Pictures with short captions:
:::
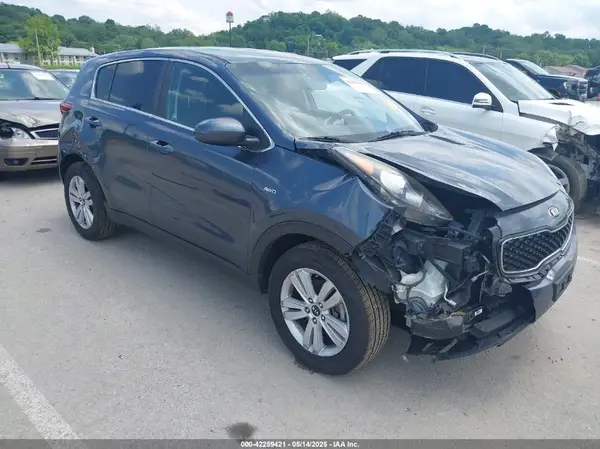 KNDPMCAC5J7339763 2018 KIA SPORTAGE - Image 1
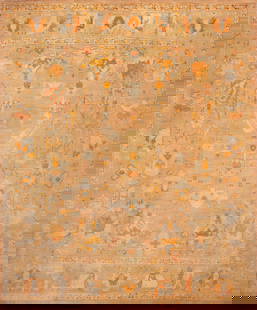 Antique Turkish Oushak Rug 14 ft 8 in x 12 ft 4 in (4.47 m x 3.76 m): Property of a Paris collector Antique Turkish Oushak Rug Size: 14 ft 8 in x 12 ft 4 in (4.47 m x 3.76 m) Collection of Antique Rugs, Vintage Rugs & Modern Carpets.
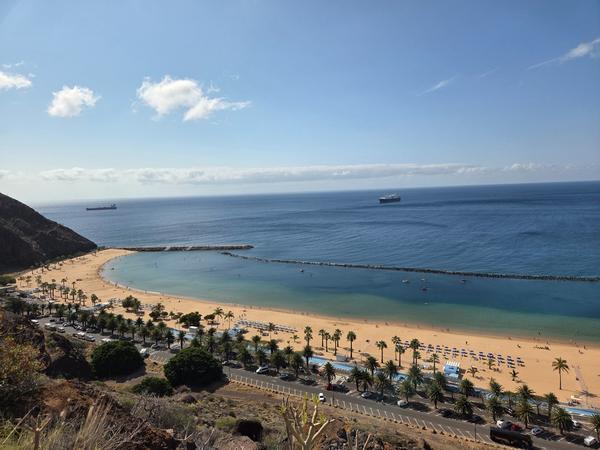 Playa de Las Teresitas Vista panorámica de la Playa de Las Teresitas en Santa Cruz de Tenerife con aguas tranquilas y arena dorada.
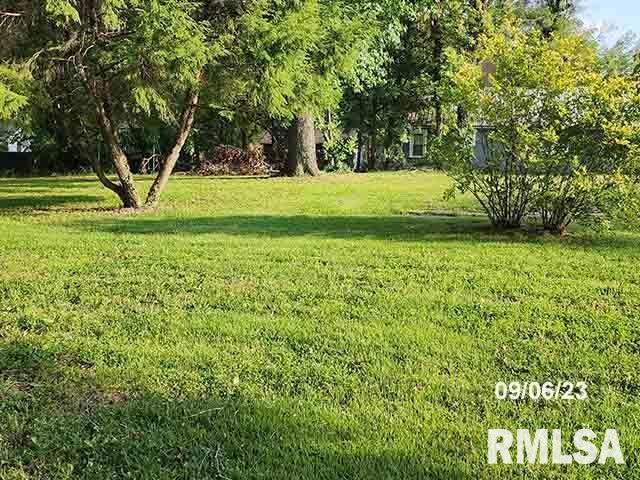 308 SE 7th St., Fairfield, IL 62837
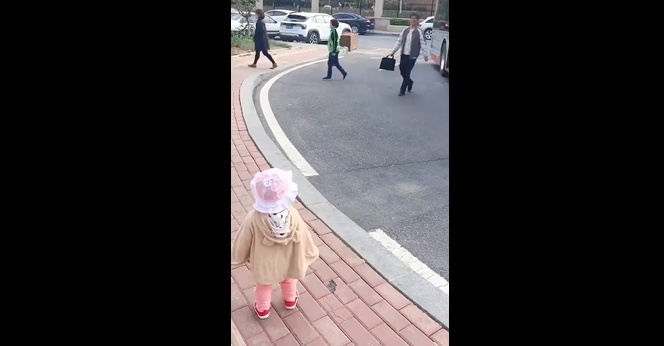 宝宝跌倒该怎么做,宝宝意外受伤正确处理方法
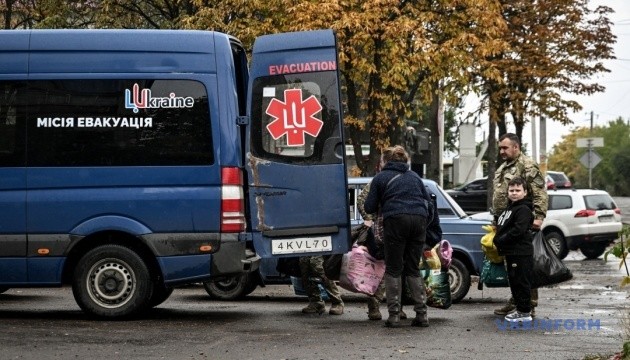 L'Ukraine ordonne une évacuation massive / Grande bataille pour Koupiansk, 600 enfants évacués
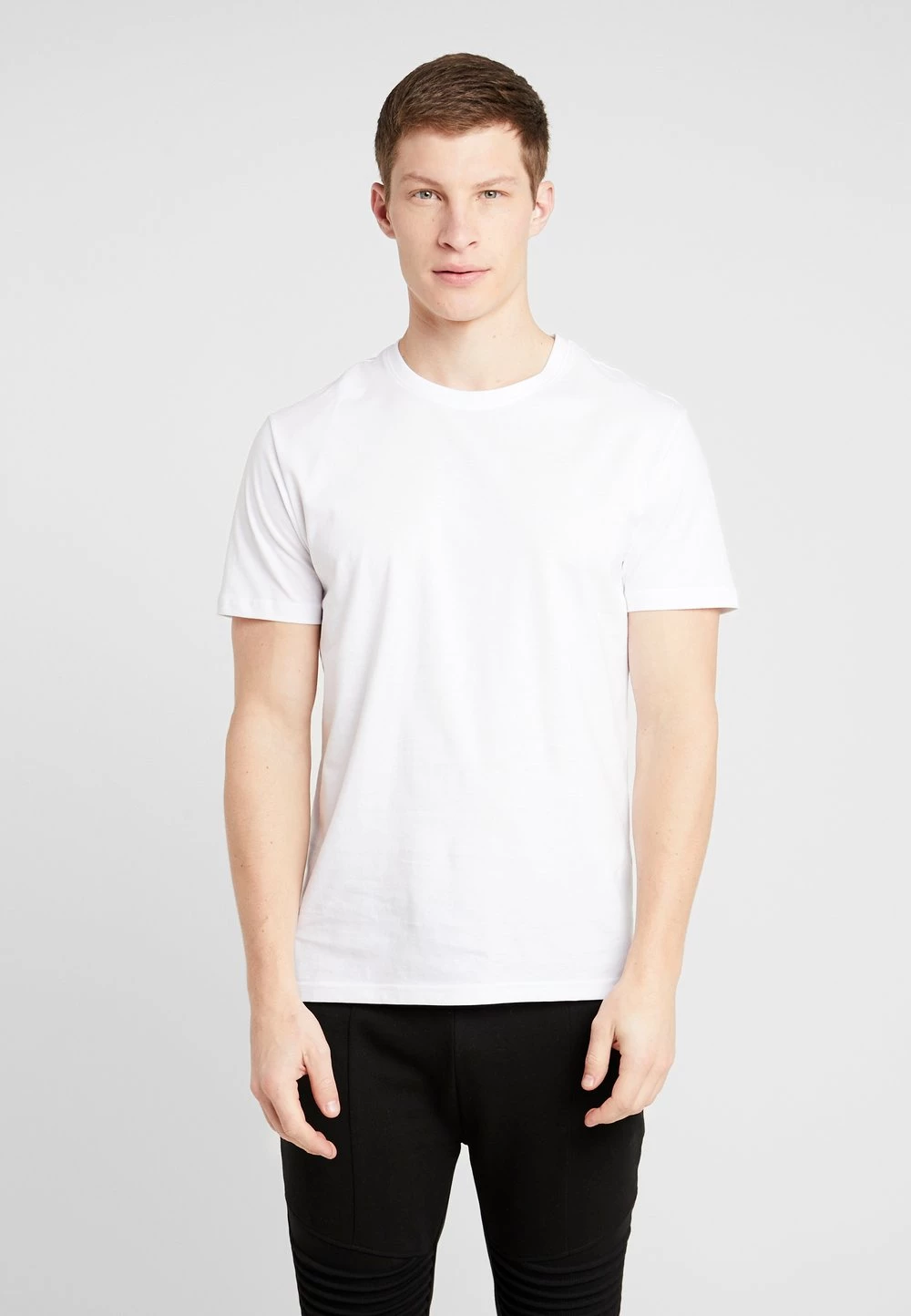 Budget 🎉 Pier One Prix Abordable 5 PACK - T-shirt basique t-shirts col rond homme 😀 5 Budget 🎉 Pier One Prix Abordable 5 PACK - T-shirt basique t-shirts col rond homme 😀 – Image 3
:::
§ Your instructions
If a line comes after the line with "Antique Turkish Oushak Rug 14", it stays out; print exactly every line from the start of the entries up to and including that line, but no pictures.

§ Output of the exercise
 KNDPMCAC5J7339763 2018 KIA SPORTAGE - Image 1
 Antique Turkish Oushak Rug 14 ft 8 in x 12 ft 4 in (4.47 m x 3.76 m): Property of a Paris collector Antique Turkish Oushak Rug Size: 14 ft 8 in x 12 ft 4 in (4.47 m x 3.76 m) Collection of Antique Rugs, Vintage Rugs & Modern Carpets.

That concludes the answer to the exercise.